Thursday, May 4, 2017

not understanding the rules

she never found a pattern that she understood a social structure in which she could detect the parameters people didn’t know how to classify her so tagged her an other eventually she embraced it as her secret identity and then she faked it better made believe that the rules made sense for a while but the truth would slip out she was shunned she was snubbed she was fired she was proposed to

Wednesday, February 11, 2015

To Hell and (not quite) Back

dear dear. a night spent mostly awake trapped between misery and horror and occasional sleep filled with nightmares. nightmares were better than the waking as moments of joy were truly lovely before being cut short by social and structural boundaries. overall i felt my soul being sucked out of me. a lonely event now, my third attempt at leaving bed and staying afloat, i'm going to wander the apartment contemplating the beautiful and curious curios and see if i can make contact with the universe. for the day i will be but an observer on planet earth.

Monday, February 2, 2015

In my rearranging I have this bowl empty for the first time in years. I made this in a metal working class years ago. We were only allowed to pound metal for the first two weeks on account of it making too much noise. I had just been unceremoniously dumped by a man I had spent 8 years with. I had rage. I cut a piece of copper in a circle and I heated it and hammered, heated it and hammered. My rage rendered the hammering effortless. My rage fueled the creation of something quite lovely. I don't know what it all means. I think I have to go draw it.

Monday, January 5, 2015

Possibility Transference

Out and about to the upper west side for a meeting. Nothing too formal but enough to require matching socks. 

Because I was nearby I stopped at Zabars to get Sugo Rosa sauce which I can't seem to find anywhere else. Zabars was Zabars, a shopping orgy for food and housewares. Such very useful stuff upstairs. I consciously did not buy most of it but marveled at the possibilities. 

If only the possibilities I see in my own life appeared as varied and interesting and useful. Perhaps I should hire their buyer as a life coach.




Or perhaps concentrate on the messages I leave myself on my own walls.

Saturday, January 3, 2015

enduring the darkness

enduring the darkness

The days don't grow fast enough but at least the season of forced  festivities is at an end. How very sad we need to be told when to celebrate our lives. Seems we should be able to figure that out on our own. Even sadder we don't keep the lights til February-- it's about keeping the darkness at bay.

Almost every day the world comes to an end for me. The digging out is a bother.

Endurance is built of art and compassion.

kept the day of the dead altar up with our pagan tree.
The color and lights, the remembering sweet things about family and friends gone now from the planet.









Sunday, December 28, 2014

remembering how to not concentrate

Just read a blog I started in 2009. I wrote a single post.
It was so sane, smart and insightful--almost serene.

I know I wrote it at a time when my mind was near explosion 24/7. Perhaps I was trying to convince myself but reading now I'm shocked by the polished veneer.

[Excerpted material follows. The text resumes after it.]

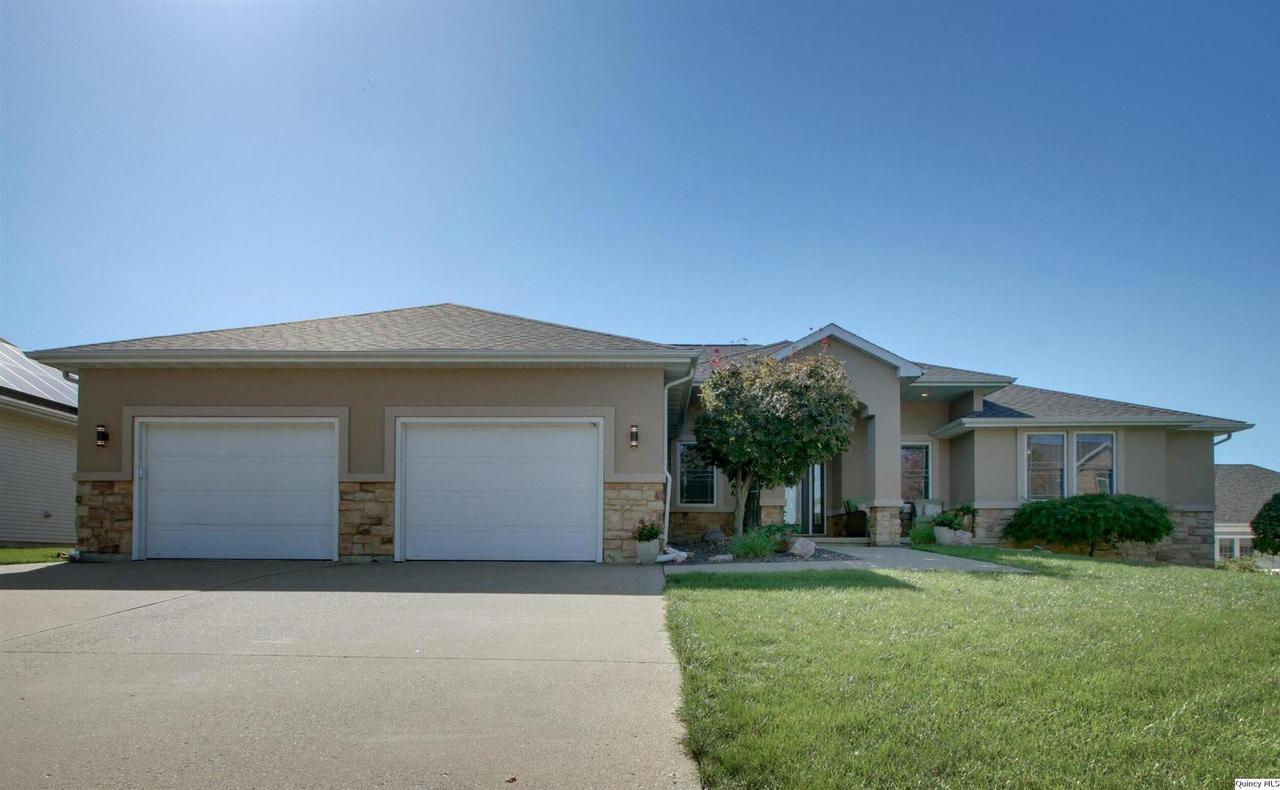 1532 Winsor Dr., Quincy, IL 62305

Don't feel sane or smart these days but i am still insightful--not usually concerning anything of a practical nature but i do keep myself entertained with it. 

At 63 I "get" the universe more than the planet or my local life. There are some practical matters I have to deal with locally. I am a bit whacko and should have all printed paperwork taken away from me.Trying to turn over that to my daughter--bit by bit. But she is sane and doesn't want it.

Gave my mind a wandering vacation in the form of doing a jigsaw puzzle over several days. I want to understand more about not concentrating.

Been sleeping too late and having lousy late morning dreams. The dark days are pounding me.